Oracle9iAS Web Cache supports both Common Log Format (CLF) and Extended
Log Format (XLF) for access logging. The default CLF log format contains the
following fields:

c-ip Client's IP address and port
c-auth-id Username if the request contained an attempt to authenticate
date Dateat which the transaction completed
request line GET URI HTTP/1.0|1.1
sc-status Oracle9iAS Web Cache-to-client HTTP status code
bytes Content-length of the transferred document

Table 9: Default Access Log Format

In addition to the default fields, a number of other access log fields are supported by Oracle9iAS Web Cache. For more information on CLF and XLF logging formats, see:

http://www.w3.org/pub/WWW/TR/WD-logfile.html or http://www.w3.org/pub/WWW/Daemon/User/Config/Logging.html#co mmon-logfile-format

Access log analysis tools, such as Oracle9iAS Clickstream Intelligence, may be used to garner business intelligence from customer access patterns. These tools can help uncover traffic patterns on a Web site and other useful trends, such as

  • top vistors
  • top pages
  • top paths taken through the site
  • max sessions, etc.


DEPLOYING ORACLE9iAS WEB CACHE
In the simplest of deployment scenarios, Oracle9iAS Web Cache is positioned in front of one or more Web servers to cache content generated by those servers. Oracle9iAS Web Cache then delivers that content to Web browsers. When Web browsers access the Web site, they send HTTP requests to Oracle9iAS Web Cache which acts as a virtual server for the Web site, masking the existence of the Web server farm and the database. If the requested content has changed, Oracle9iAS Web Cache retrieves the new content from the Web servers according to the relative load on each server.
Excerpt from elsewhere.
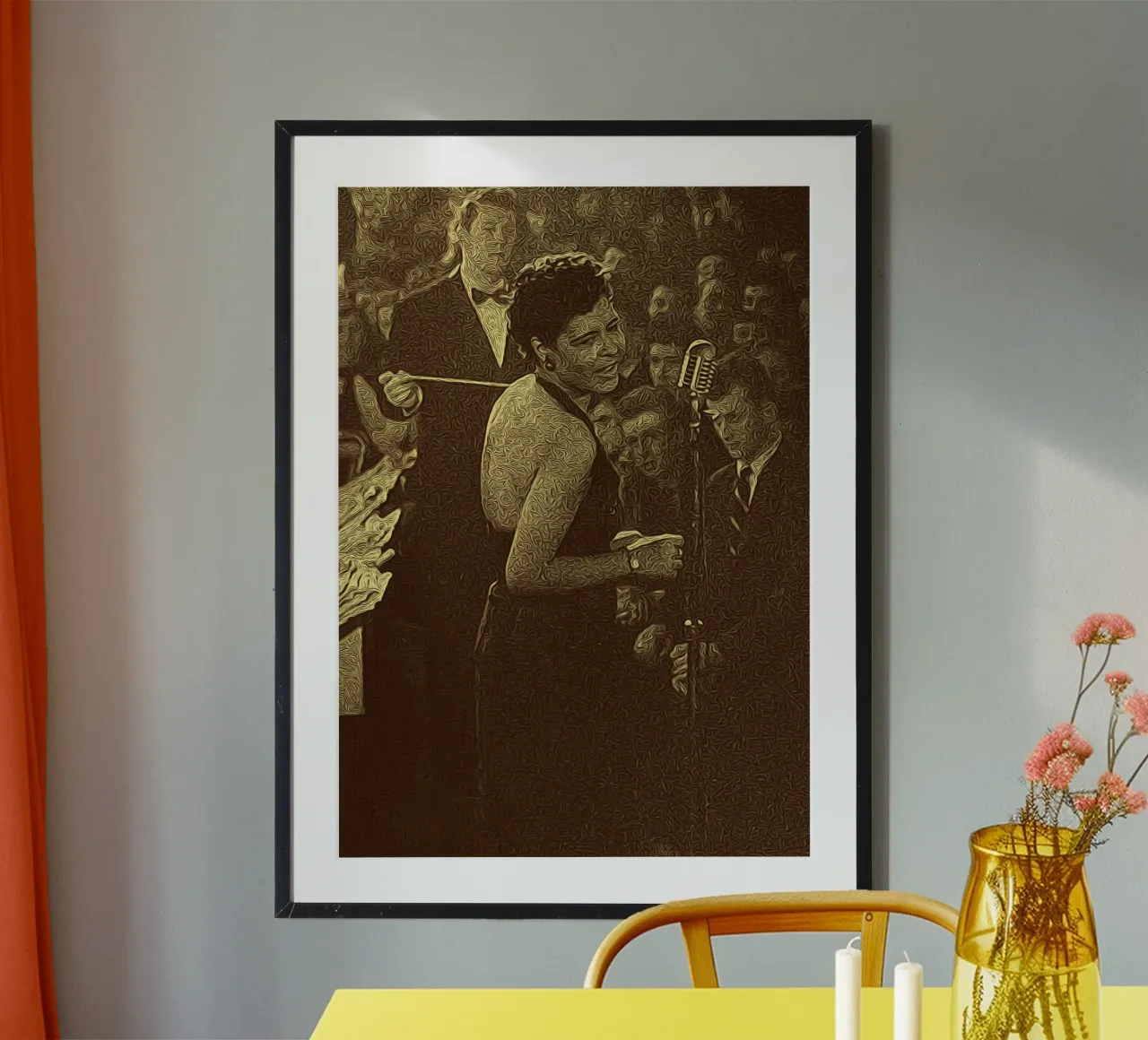 Swing e società poster da singpentinksale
Figure 18: Simple Deployment Scenario


Co-located versus Dedicated Deployments
Oracle9iAS Web Cache can be deployed on the same node as the origin Web server or on a dedicated node of its own. Figure 19 demonstrates how Oracle9iAS Web Cache may be co-located with the Web server(s) on the same machine.


Figure 19: Oracle9iAS Web Cache on Same Node as Web Server

In a cluster scenario, a network load balancer distributes requests across the cache instances running on each node in the server farm. Each Oracle9iAS Web Cache instance is typically configured with the host name of the Web server(s) running on its own node, and interprocess communication (IPC) is used to pass requests between the cache and the Web server(s). Because Oracle9iAS Web Cache consumes memory, co-location is only viable if the cache and the Web server(s) do not contend for resources.

Oracle9iAS Web Cache may also be deployed on a dedicated node, as illustrated in Figure 20.


Figure 20: Oracle9iAS Web Cache on Different Node from Web Server


A dedicated deployment of this nature is often preferable to the co-located deployment previously mentioned. In a dedicated scenario, there is no risk of resource contention with other server processes. Also note that Oracle9iAS Web Cache performs excellently on commodity hardware, so a dedicated deployment need not be a costly one in terms of hardware expenditure. For very high-volume Web sites, and to avoid a single point of failure, two or more nodes running Oracle9iAS Web Cache may be deployed behind a third-party network load balancing device


Deploying Oracle9iAS Web Cache in a Distributed Network
For high availability, many e-businesses mirror their Web sites in strategic geographical locations. Figure 21 depicts a hypothetical mirrored topology in which Web servers are deployed in data centers in both the United Kingdom and Japan. Browsers make a request to local DNS servers to resolve www.company.com. The local DNS server is routed to the authoritative DNS server for www.company.com. The authoritative DNS server uses the IP address of the browser, the network topology model, and the current load at each mirror location to pick the ideal server farm to satisfy the request. It then returns the IP address of the appropriate mirror site to the browser.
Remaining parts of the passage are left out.